Ciò che invece massimamente rileva è che la normativa di fonte primaria, sia nella parte in cui rimette all’Amministrazione di esercitare un’attività vincolata di apprezzamento di fatti, documenti ed informazioni, sia laddove disciplini la ponderazione di interessi pubblici e privati per garantire la salvaguardia della sicurezza della Repubblica, persegue un obiettivo finale unitario di chiara matrice pubblicistica.

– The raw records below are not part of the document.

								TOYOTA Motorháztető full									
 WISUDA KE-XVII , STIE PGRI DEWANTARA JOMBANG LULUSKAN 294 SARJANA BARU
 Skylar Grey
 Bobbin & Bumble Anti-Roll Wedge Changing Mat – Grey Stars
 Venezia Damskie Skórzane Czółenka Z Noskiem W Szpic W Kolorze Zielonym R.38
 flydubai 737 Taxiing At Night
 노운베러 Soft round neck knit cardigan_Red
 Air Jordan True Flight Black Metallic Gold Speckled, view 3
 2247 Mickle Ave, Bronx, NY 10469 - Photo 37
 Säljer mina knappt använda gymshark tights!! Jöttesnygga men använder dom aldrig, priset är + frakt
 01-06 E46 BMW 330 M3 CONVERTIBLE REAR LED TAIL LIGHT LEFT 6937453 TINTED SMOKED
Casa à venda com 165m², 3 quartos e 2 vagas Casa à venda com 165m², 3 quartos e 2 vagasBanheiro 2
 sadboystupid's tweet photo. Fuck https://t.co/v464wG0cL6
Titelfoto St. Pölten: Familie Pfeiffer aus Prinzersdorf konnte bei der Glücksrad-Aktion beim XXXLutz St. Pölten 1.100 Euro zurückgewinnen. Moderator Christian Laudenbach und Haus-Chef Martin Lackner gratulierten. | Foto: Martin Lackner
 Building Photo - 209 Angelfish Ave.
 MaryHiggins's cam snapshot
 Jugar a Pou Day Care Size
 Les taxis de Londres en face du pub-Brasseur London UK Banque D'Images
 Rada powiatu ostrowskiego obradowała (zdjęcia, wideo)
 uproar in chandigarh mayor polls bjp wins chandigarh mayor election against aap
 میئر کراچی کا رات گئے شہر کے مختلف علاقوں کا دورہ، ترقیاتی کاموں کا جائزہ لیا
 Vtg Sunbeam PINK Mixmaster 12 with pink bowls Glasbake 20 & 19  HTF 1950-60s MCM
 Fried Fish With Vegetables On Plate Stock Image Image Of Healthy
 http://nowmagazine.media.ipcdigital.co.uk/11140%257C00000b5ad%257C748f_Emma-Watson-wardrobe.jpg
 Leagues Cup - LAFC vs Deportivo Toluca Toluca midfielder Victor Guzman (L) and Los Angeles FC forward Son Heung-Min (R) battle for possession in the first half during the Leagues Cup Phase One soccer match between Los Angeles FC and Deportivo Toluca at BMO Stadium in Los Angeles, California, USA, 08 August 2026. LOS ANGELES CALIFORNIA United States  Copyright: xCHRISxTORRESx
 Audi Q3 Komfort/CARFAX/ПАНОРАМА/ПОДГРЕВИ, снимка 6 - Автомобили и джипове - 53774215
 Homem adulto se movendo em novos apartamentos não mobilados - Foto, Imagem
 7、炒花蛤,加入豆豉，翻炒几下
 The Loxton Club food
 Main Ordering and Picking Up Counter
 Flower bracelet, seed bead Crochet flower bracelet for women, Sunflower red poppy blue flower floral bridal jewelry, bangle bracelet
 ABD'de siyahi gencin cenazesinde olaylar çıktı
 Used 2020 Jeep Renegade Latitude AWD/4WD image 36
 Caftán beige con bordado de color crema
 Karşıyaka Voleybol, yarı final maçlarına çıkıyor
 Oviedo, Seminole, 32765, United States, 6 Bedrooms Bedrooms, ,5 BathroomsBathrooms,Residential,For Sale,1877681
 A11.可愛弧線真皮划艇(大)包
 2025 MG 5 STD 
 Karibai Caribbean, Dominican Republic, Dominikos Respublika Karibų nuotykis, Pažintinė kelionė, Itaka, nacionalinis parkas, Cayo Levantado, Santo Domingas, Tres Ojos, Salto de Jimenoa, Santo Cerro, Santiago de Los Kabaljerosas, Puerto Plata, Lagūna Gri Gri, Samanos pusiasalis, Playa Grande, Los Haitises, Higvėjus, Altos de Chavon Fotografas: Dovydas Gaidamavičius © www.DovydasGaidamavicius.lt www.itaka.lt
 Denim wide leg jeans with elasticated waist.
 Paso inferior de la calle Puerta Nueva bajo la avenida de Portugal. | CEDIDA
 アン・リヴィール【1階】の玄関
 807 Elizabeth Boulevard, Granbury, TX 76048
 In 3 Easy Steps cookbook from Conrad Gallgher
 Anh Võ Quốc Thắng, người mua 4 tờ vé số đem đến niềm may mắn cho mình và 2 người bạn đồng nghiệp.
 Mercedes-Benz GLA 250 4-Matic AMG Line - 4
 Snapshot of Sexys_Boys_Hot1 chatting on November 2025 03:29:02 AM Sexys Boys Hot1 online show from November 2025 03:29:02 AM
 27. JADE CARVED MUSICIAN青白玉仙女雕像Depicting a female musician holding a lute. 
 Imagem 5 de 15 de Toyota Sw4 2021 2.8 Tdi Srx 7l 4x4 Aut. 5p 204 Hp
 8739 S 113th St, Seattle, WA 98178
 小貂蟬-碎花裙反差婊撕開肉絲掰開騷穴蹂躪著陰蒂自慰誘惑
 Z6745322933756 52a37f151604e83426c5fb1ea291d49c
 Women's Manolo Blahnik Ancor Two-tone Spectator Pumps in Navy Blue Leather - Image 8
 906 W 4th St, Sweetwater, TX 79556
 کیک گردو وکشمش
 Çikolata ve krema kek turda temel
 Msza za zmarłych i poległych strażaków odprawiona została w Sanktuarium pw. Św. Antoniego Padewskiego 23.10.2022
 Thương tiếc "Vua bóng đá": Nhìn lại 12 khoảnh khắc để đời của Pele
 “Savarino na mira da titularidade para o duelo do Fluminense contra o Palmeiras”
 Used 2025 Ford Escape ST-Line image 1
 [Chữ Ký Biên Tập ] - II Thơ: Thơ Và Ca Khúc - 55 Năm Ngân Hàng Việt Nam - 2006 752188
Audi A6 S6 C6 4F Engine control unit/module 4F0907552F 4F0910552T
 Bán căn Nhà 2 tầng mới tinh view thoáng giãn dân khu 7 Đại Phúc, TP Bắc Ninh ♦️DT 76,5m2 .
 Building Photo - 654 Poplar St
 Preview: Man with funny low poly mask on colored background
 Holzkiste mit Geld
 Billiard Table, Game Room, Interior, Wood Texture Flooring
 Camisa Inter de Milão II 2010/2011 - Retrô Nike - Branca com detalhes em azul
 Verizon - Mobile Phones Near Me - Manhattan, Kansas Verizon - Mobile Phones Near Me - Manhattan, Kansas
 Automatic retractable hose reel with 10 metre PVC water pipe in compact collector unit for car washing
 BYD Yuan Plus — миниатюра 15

In entrambi i casi, l’Amministrazione, all’esito dell’istruttoria procedimentale imposta dalla legge, deve in ultima istanza accertare se lo straniero possieda i requisiti essenziali rientranti nella specifica fattispecie di acquisto della cittadinanza per matrimonio e se risulti quindi pronto per lo stabile inserimento nella comunità nazionale e l’esercizio, senza pregiudizio per l’ordinamento democratico della Repubblica, dei diritti e delle prerogative attribuiti dalla Carta costituzionale e dalle leggi ordinarie ai cittadini italiani: quanto sopra, sulla base della valutazione di un complesso di circostanze, atte sostanzialmente a dimostrare l'integrazione del soggetto interessato nel tessuto sociale, anche in termini di irreprensibilità di condotta.
Traslando i superiori principi all’odierno gravame, deve essere quindi respinta l’eccezione di inammissibilità proposta dal Ministero riferente e conseguentemente affermata la giurisdizione del giudice amministrativo.
Risulta invero per tabulas che il decreto impugnato reca il rigetto della domanda di acquisto della cittadinanza per matrimonio presentata dalla ricorrente per la mancata produzione nel termine fissato con il preavviso di rigetto ex art. 10-bis della legge n. 241 del 1990 del “certificato penale britannico in corso di validità, con apostille e traduzione”.
La mancata produzione del certificato penale, rilasciato dalle autorità competenti dello Stato straniero di residenza della ricorrente, ha difatti reso impossibile l’accertamento del requisito essenziale per l’acquisto della cittadinanza per matrimonio costituito dalla assenza di condanne penali ai sensi dell’art. 6, comma 1, lett. a) e b), della legge n. 91 del 1992.